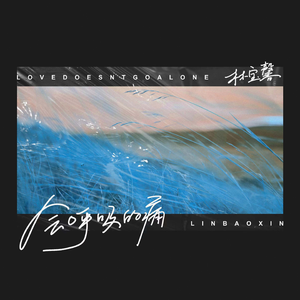 窝窝九色成人影院
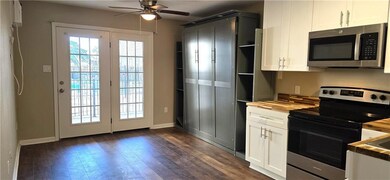 4854 Pontchartrain Dr unit 17, Slidell, LA 70458 - photo 4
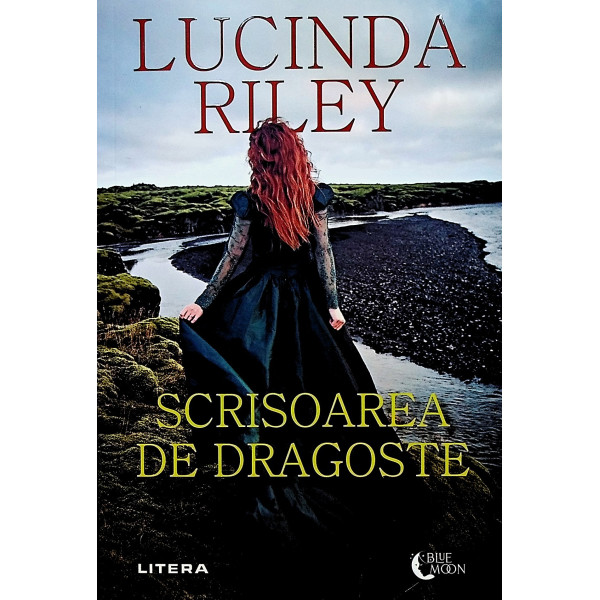 Scrisoarea de dragoste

Instructions for the task: The pictures are not wanted, but every line of the listing should be duplicated exactly.

Exercise output:
 窝窝九色成人影院
 4854 Pontchartrain Dr unit 17, Slidell, LA 70458 - photo 4
 Scrisoarea de dragoste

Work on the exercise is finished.